O filme estreou no festival de Rotterdam há dois anos. Como foi a passagem por lá?

O filme ganhou um prêmio do Hubert Bals Fund pra finalização. Esse fundo é ligado ao festival de Rotterdam. Eles foram grandes parceiros em toda a Operação. Pra gente foi uma grande oportunidade e consideramos a curadoria de Rotterdam algo bem especial. Mas o que acontece é que Rotterdam é um festival que dá destaque a estreantes e nós não somos. Nesse sentido encaramos bastante dificuldade, sofremos um pouco com a “ditadura do novo”. É um festival com muitos filmes e isso dificulta mais ainda chamar a atenção. Acredito que a maioria dos críticos e curadores mal têm tempo de digerir os filmes que vêem.

Por fim, uma questão de mercado. O filme estreia num pequeno circuito no Brasil dois anos depois de ter passado em Rotterdam. Como é que vê as possibilidades do cinema de arte no Brasil?

O cinema de arte (termos de que não gosto) está sempre em vias de extinção, mas até hoje ninguém conseguiu matá-lo de vez, nem mesmo a televisão e a publicidade. Sempre existirá um foco de resistência de pessoas que querem fazer e assistir filmes que se abrem paro desconhecido e que oferecem desafios a mentes menos preguiçosas e menos céticas. É muito perigoso advogar por esse cinema, mas a recompensa é grande.

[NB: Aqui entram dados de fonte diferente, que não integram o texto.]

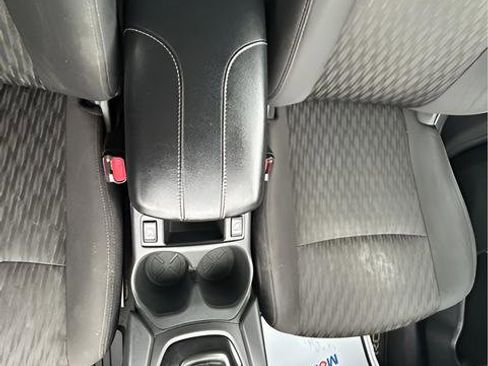 Used 2020 Nissan Rogue SV image 24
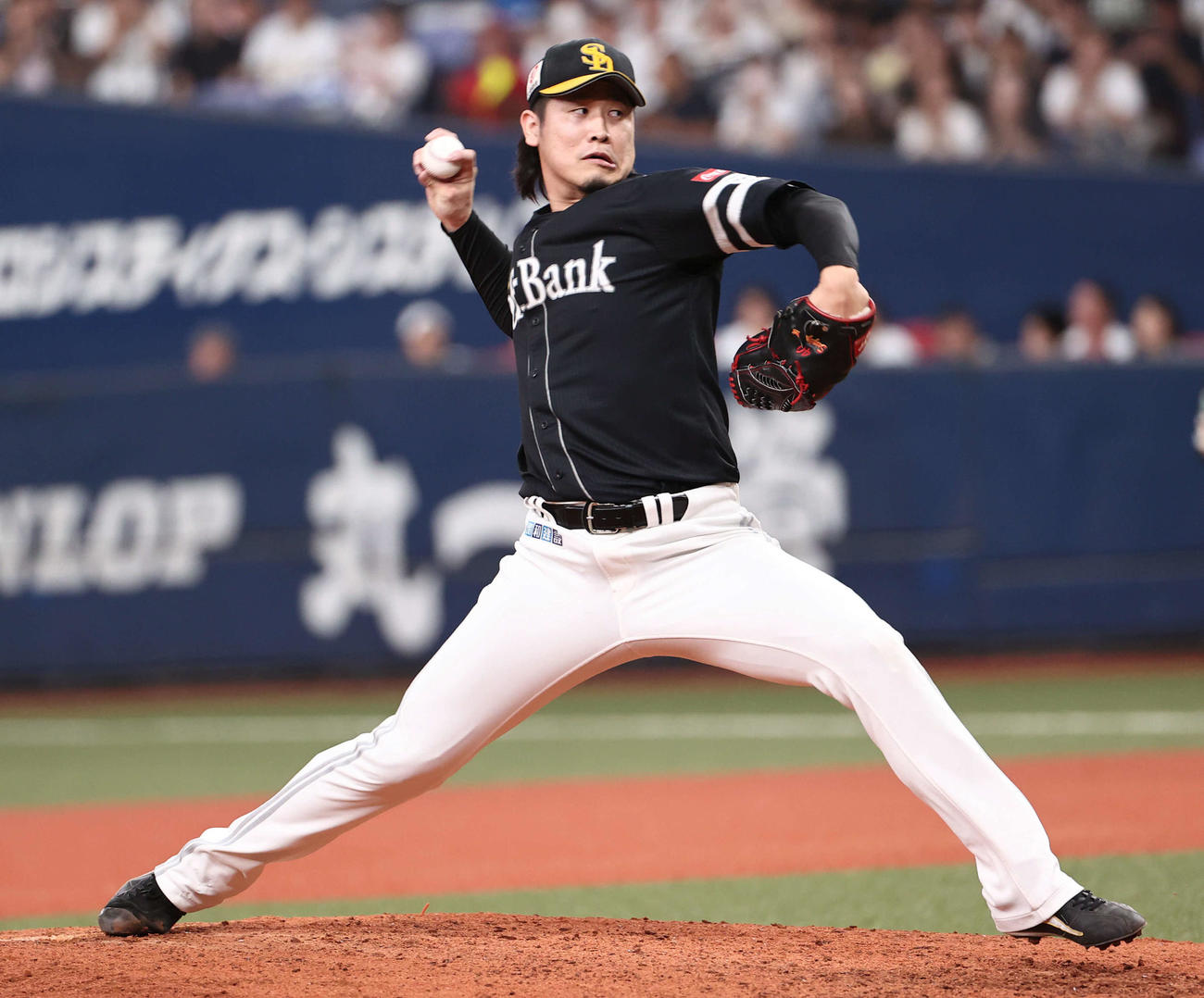 オリックス対ソフトバンク　9回から登板のソフトバンク3番手杉山（撮影・西尾就之）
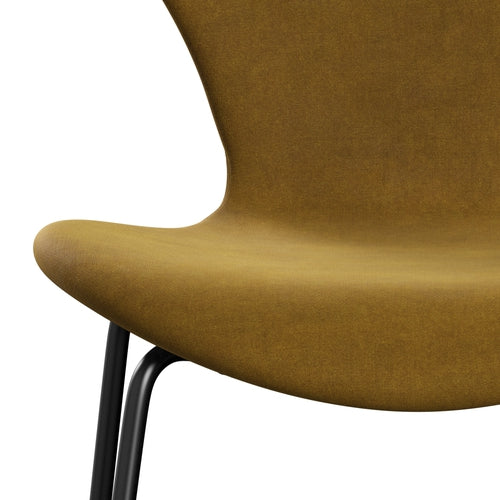 Fritz Hansen 3107 Krzesło pełne tapicerka, czarny/belfastowy aksamitny miękki ochra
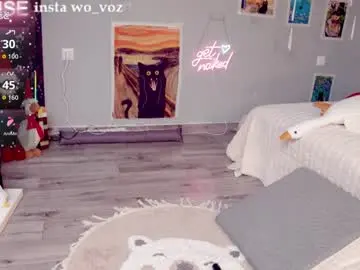 Chaturbate Live Sex of careful_i_bite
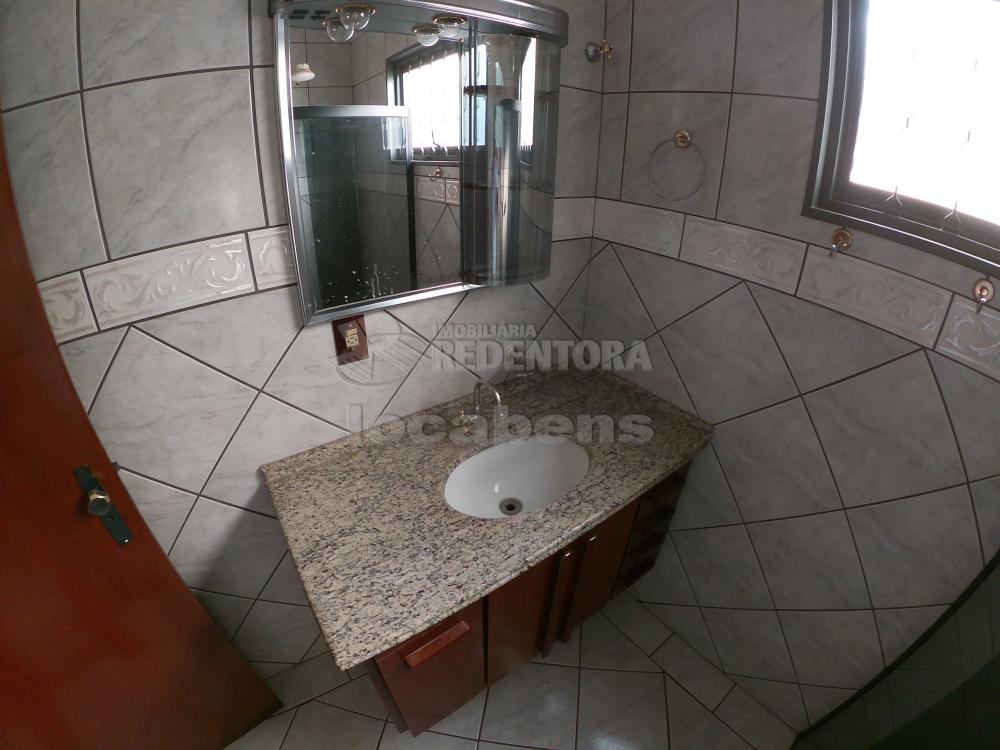 Alugar Casa / Padrão em São José do Rio Preto R$ 4.500,00 - Foto 28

A Operação Sonia Silk acreditou no que era considerado impossível por muitos. Demorou muitos anos e quando finalmente rolou foram apenas duas semanas, mas que vieram com uma carga de intensidade tamanha que vai ressoar para o resto das nossas vidas. Estamos torcendo pra causar isso em alguns espectadores. Além da Operação, este ano devemos lançar um filme em Portugal. O filme se chama Com Os Punhos Cerrados e teve sua estreia mundial em Locarno.